Lines before the one holding "Olympic fans can" are not wanted. Please copy that line and everything after it to the end of the records, exactly, skipping pictures.

Information supplied:

########################################

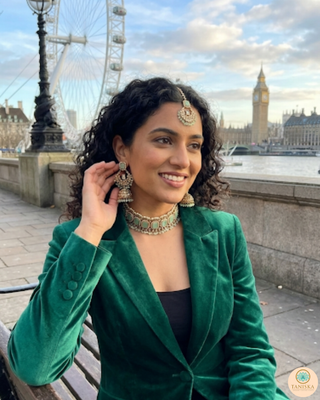 The Vintage Glow Heritage Necklace Set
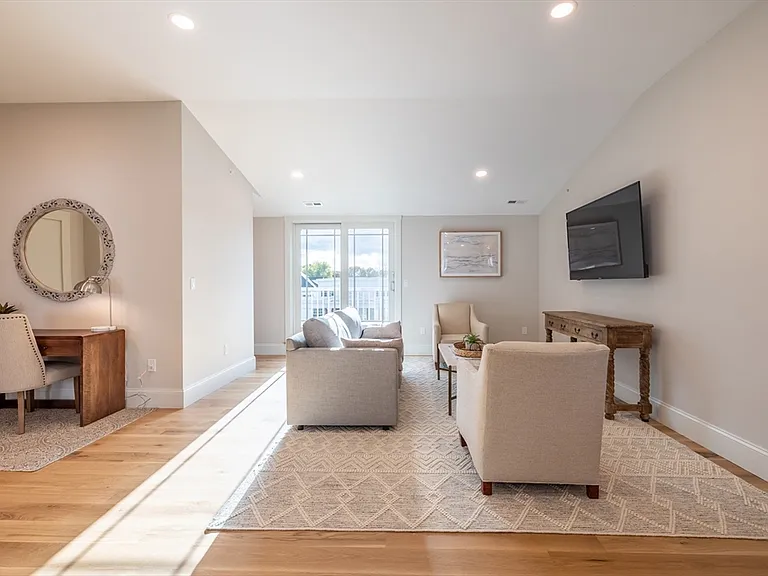 2 Punchard Ave #3 — Photo 10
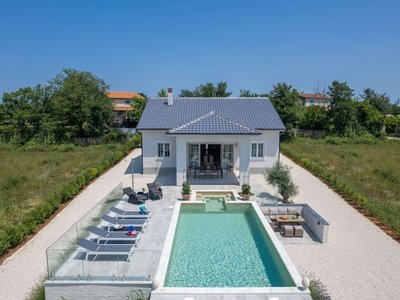 Modern Villa With Swimming Pool and Fenced Garden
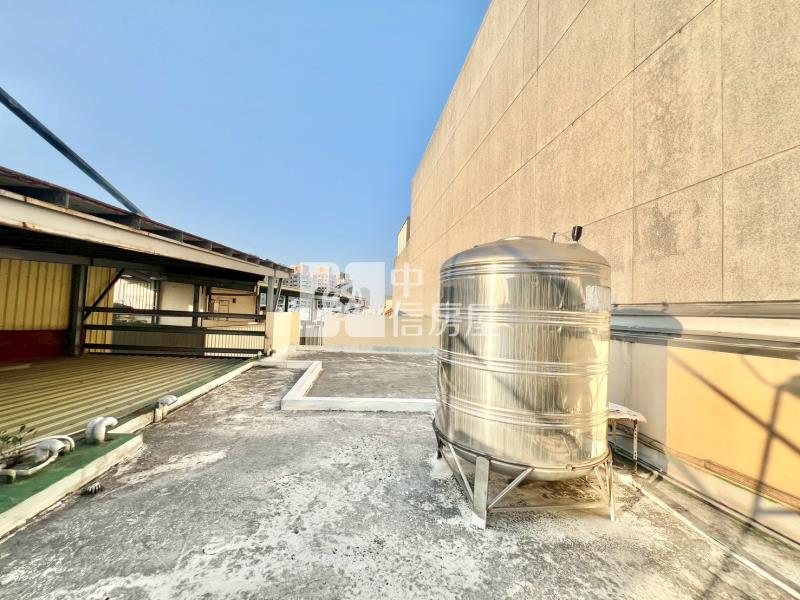 東區臨路金雞母店住房屋室內格局與周邊環境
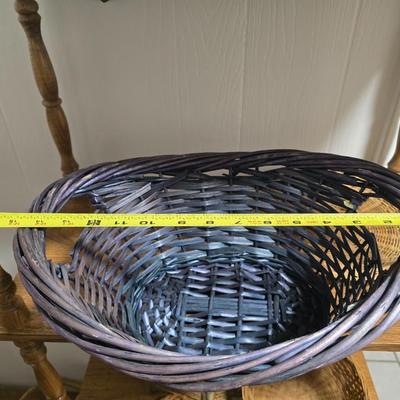 Weaved baskets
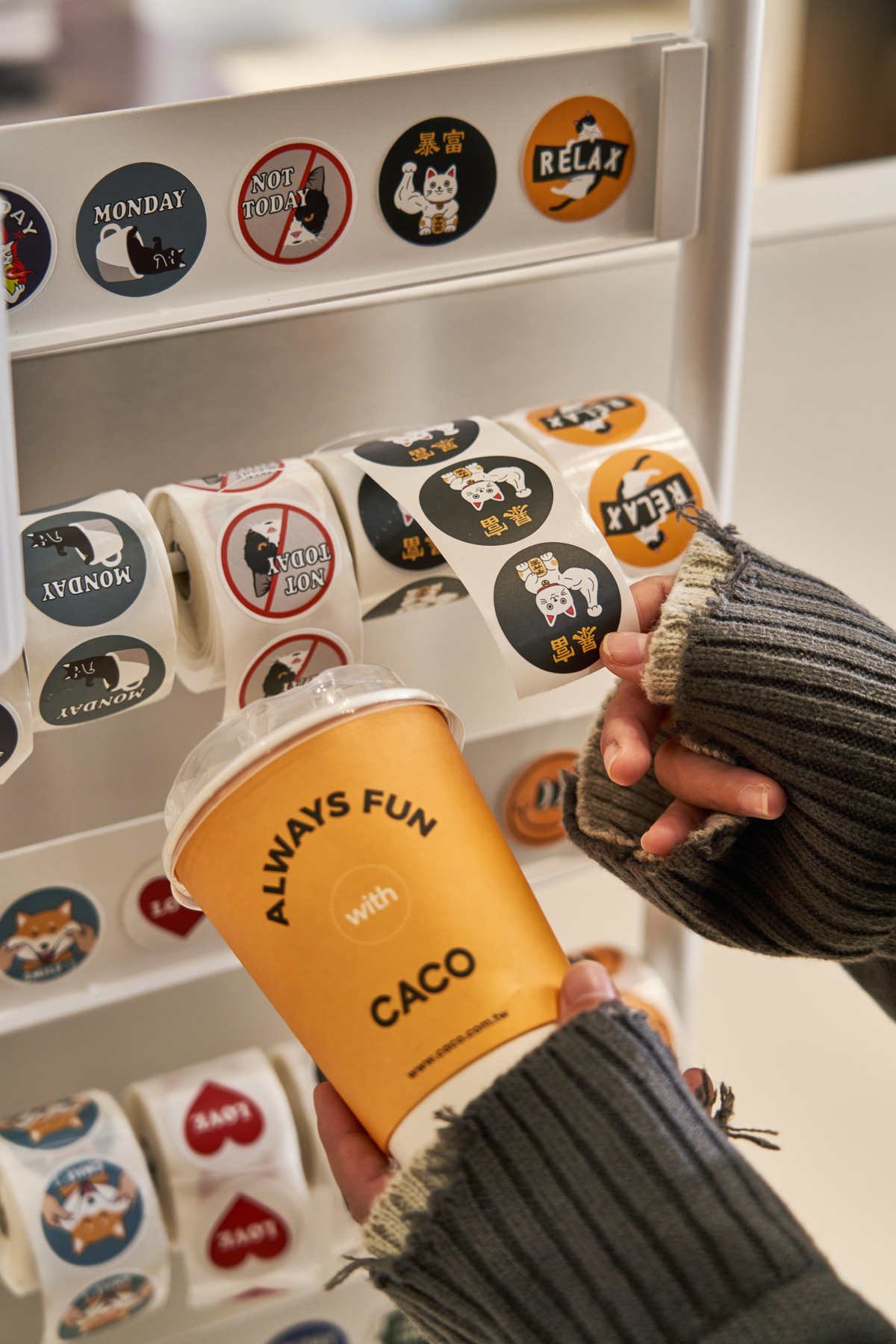 CACO 消費者能選擇自己喜歡的心情貼紙，貼在咖啡杯上的任意角落，讓短暫休憩時光Always FUN！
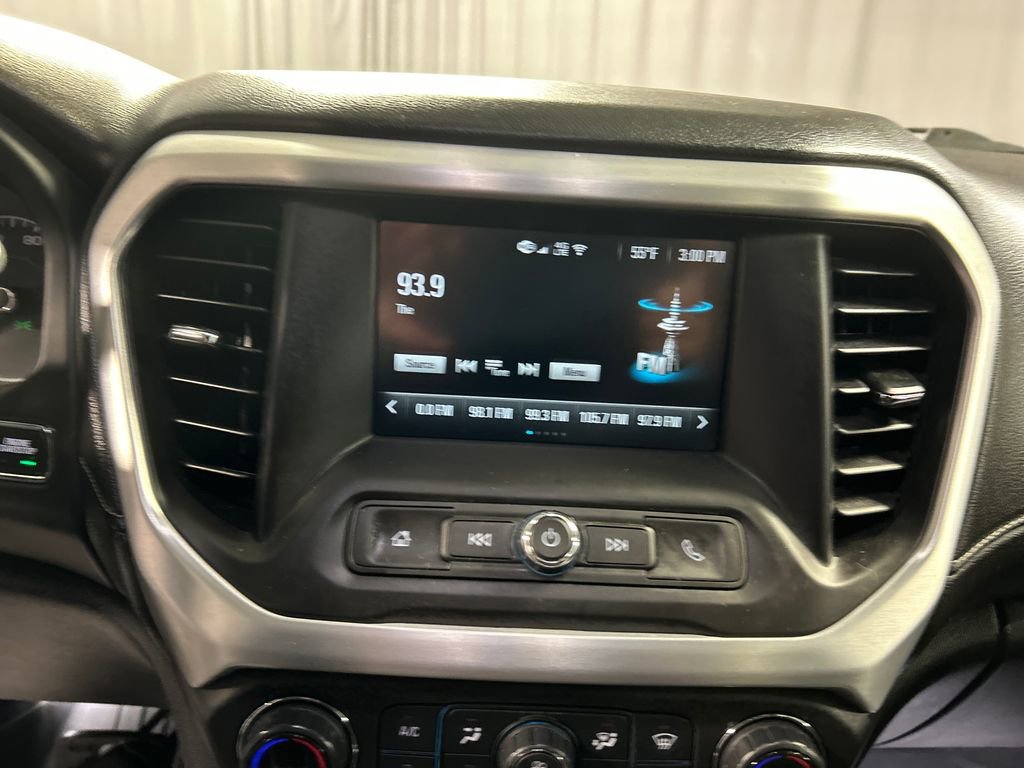 Used 2019 GMC Acadia SLE image 16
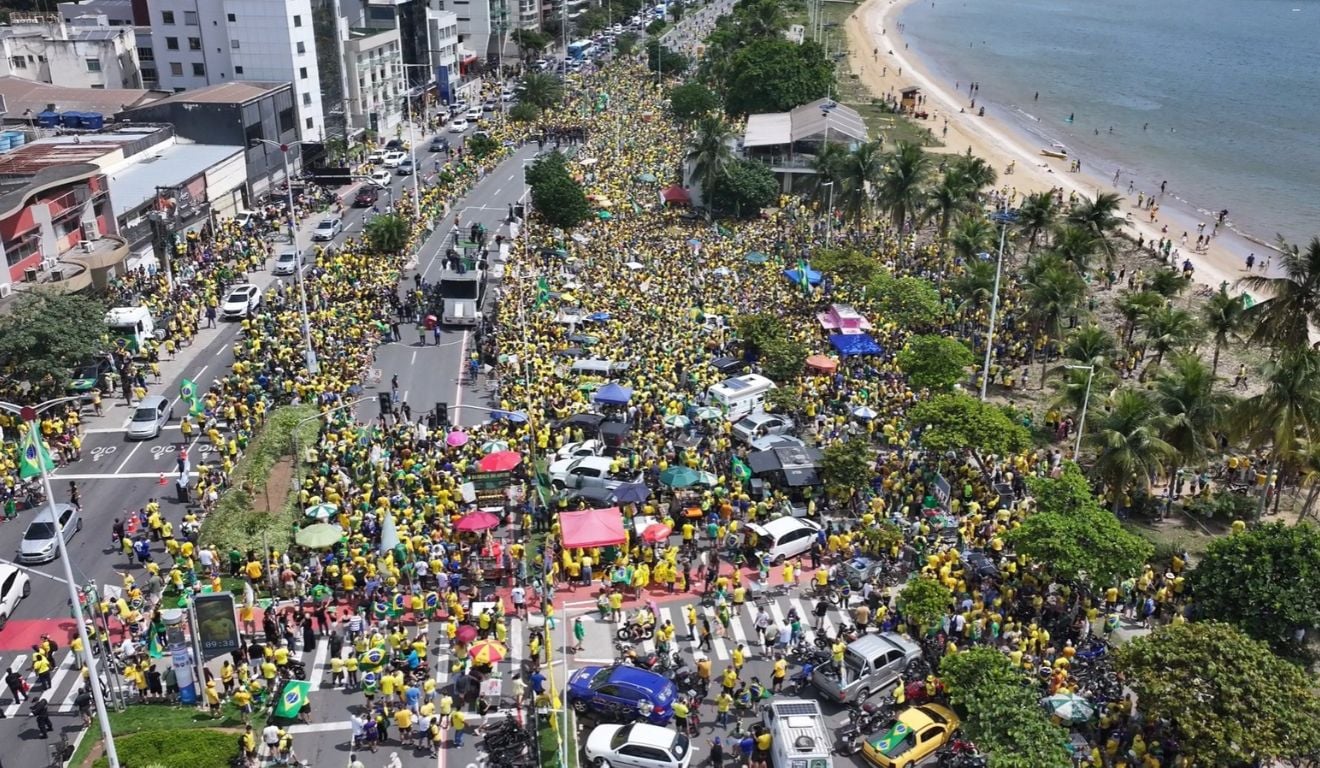 Ato pró-Flávio Bolsonaro reúne apoiadores e interdita faixas na Praia de Camburi
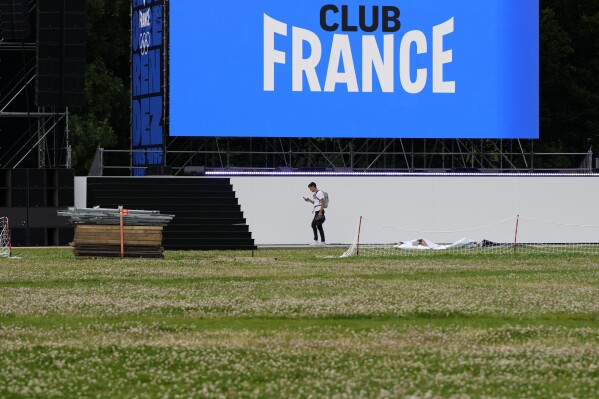 Olympic fans can eat, drink and cheer in a mini World’s Fair in Paris park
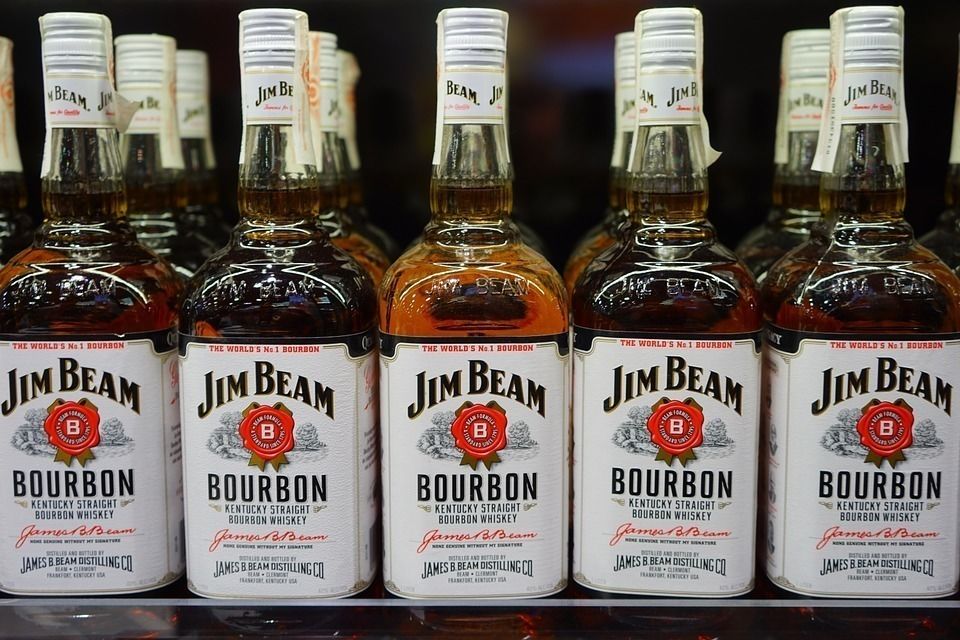 В Кентукки при пожаре на складе Jim Beam сгорели 45 тысяч бочек виски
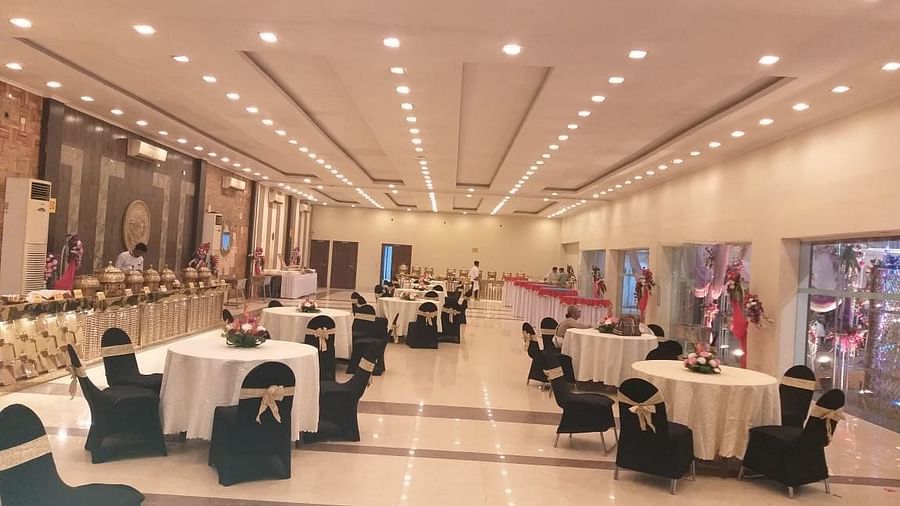 Banquet hall in Siliguri at Mittal Garden   5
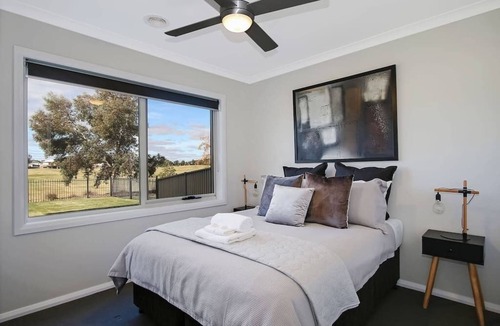 Yarrawonga House | The Clubhouse on Robinson, Black Bull Golf Course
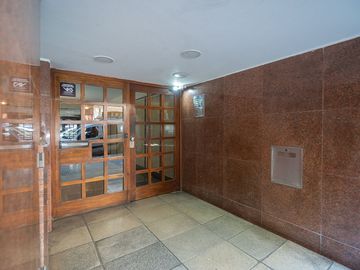 Venta Depto 3 amb. con coch. Belgrano Apto Crédito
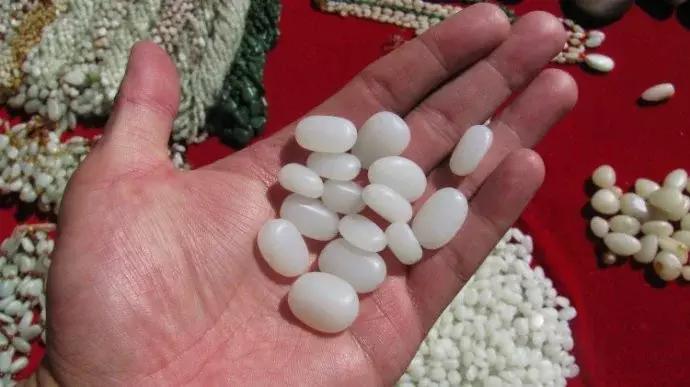 和田玉简单辨别真假方法,和田玉真假辨别最简单方法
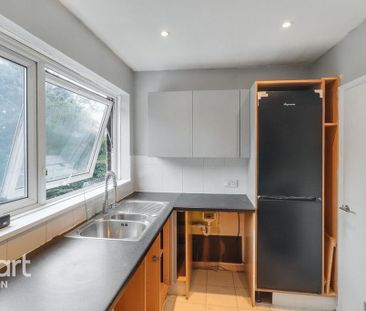 3 bedroom flat to rent - Photo 1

########################################

Result of the exercise:
 Olympic fans can eat, drink and cheer in a mini World’s Fair in Paris park
 В Кентукки при пожаре на складе Jim Beam сгорели 45 тысяч бочек виски
 Banquet hall in Siliguri at Mittal Garden   5
 Yarrawonga House | The Clubhouse on Robinson, Black Bull Golf Course
 Venta Depto 3 amb. con coch. Belgrano Apto Crédito
 和田玉简单辨别真假方法,和田玉真假辨别最简单方法
 3 bedroom flat to rent - Photo 1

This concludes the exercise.